We need to change the working directory from its current folder to its parent folder
* We access the current directory with os.getcwd()

In [3]:
current_dir = os.getcwd()
current_dir

'/workspace/pp5-mildew-detection-in-cherry-leaves/jupyter_notebooks'

We want to make the parent of the current directory the new current directory
* os.path.dirname() gets the parent directory
* os.chir() defines the new current directory

In [4]:
os.chdir(os.path.dirname(current_dir))
print("You set a new current directory")

You set a new current directory


Confirm the new current directory

In [5]:
current_dir = os.getcwd()
current_dir

'/workspace/pp5-mildew-detection-in-cherry-leaves'

---

# Install Kaggle

In [15]:
%pip install kaggle==1.5.12

Note: you may need to restart the kernel to use updated packages.

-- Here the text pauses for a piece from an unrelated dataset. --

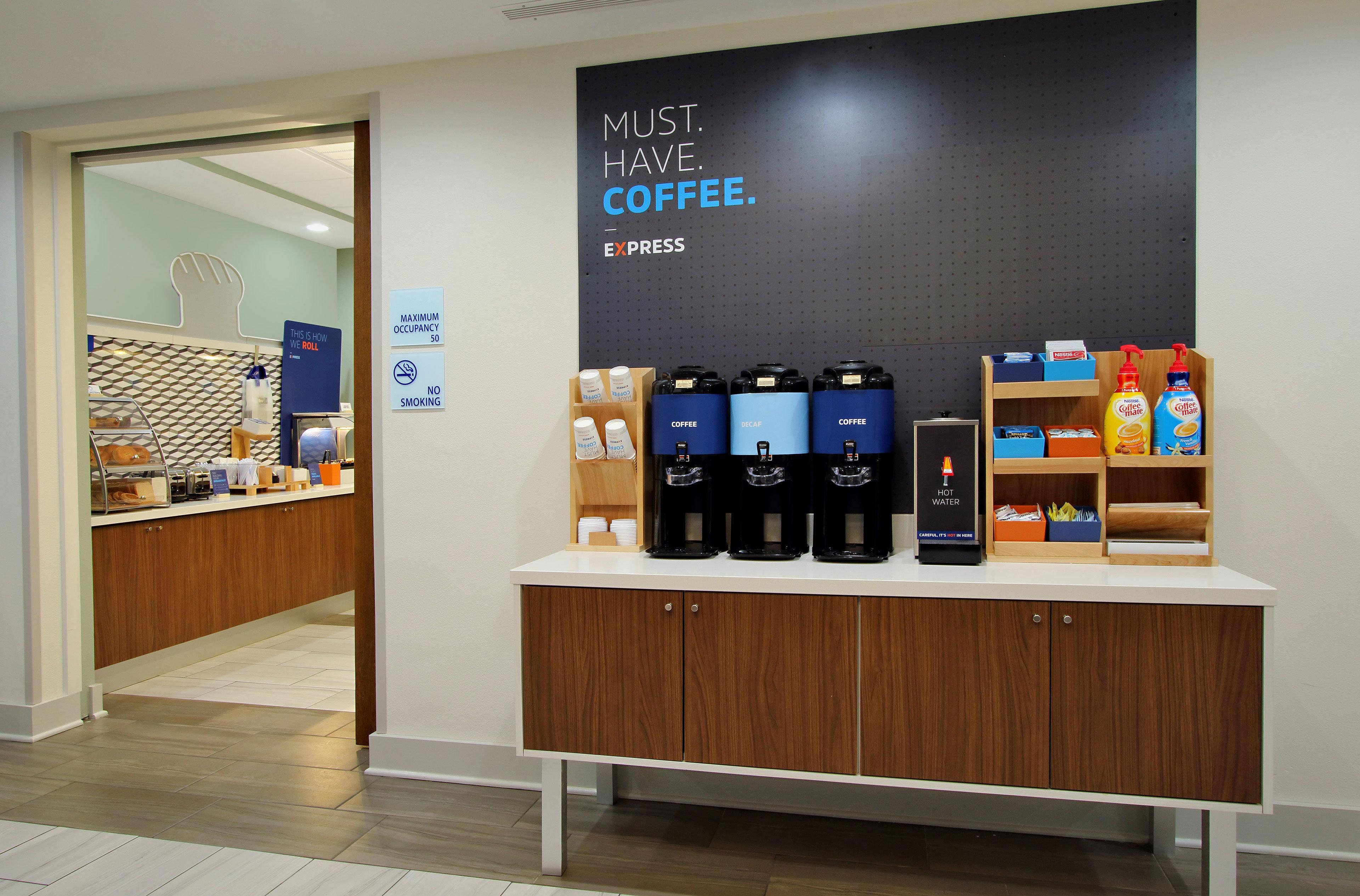 Holiday Inn Express & Suites Tracy By Ihg Экстерьер фото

Change the Kaggle configuration directory to the current working directory and set permissions for the Kaggle authentication JSON.

In [16]:
os.environ['KAGGLE_CONFIG_DIR'] = os.getcwd()
! chmod 600 kaggle.json

* Get the dataset path from the [Kaggle URL](https://www.kaggle.com/datasets/codeinstitute/cherry-leaves).
* Set your destination folder.

Set the Kaggle Dataset and Download it.

In [17]:
KaggleDatasetPath = "codeinstitute/cherry-leaves"
DestinationFolder = "inputs/cherry-leaves_dataset"   
! kaggle datasets download -d {KaggleDatasetPath} -p {DestinationFolder}

Downloading cherry-leaves.zip to inputs/cherry-leaves_dataset
100%|█████████████████████████████████████▉| 55.0M/55.0M [00:02<00:00, 38.4MB/s]
100%|██████████████████████████████████████| 55.0M/55.0M [00:02<00:00, 27.4MB/s]


Unzip the downloaded file, and delete the zip file.

In [18]:
import zipfile
with zipfile.ZipFile(DestinationFolder + '/cherry-leaves.zip', 'r') as zip_ref:
    zip_ref.extractall(DestinationFolder)

os.remove(DestinationFolder + '/cherry-leaves.zip')

---

# Data Preparation

## Data cleaning

### Check and remove files with no images

In [None]:
def remove_non_image_file(my_data_dir):
    image_extension = ('.png', '.jpg', '.jpeg')
    folders = os.listdir(my_data_dir)
    for folder in folders:
        files = os.listdir(my_data_dir + '/' + folder)
        # print(files)
        i = []
        j = []
        for given_file in files:
            if not given_file.lower().endswith(image_extension):
                file_location = my_data_dir + '/' + folder + '/' + given_file
                os.remove(file_location)  # remove non image file
                i.append(1)
            else:
                j.append(1)
                pass
        print(f"Folder: {folder} - has image file", len(j))
        print(f"Folder: {folder} - has non-image file", len(i))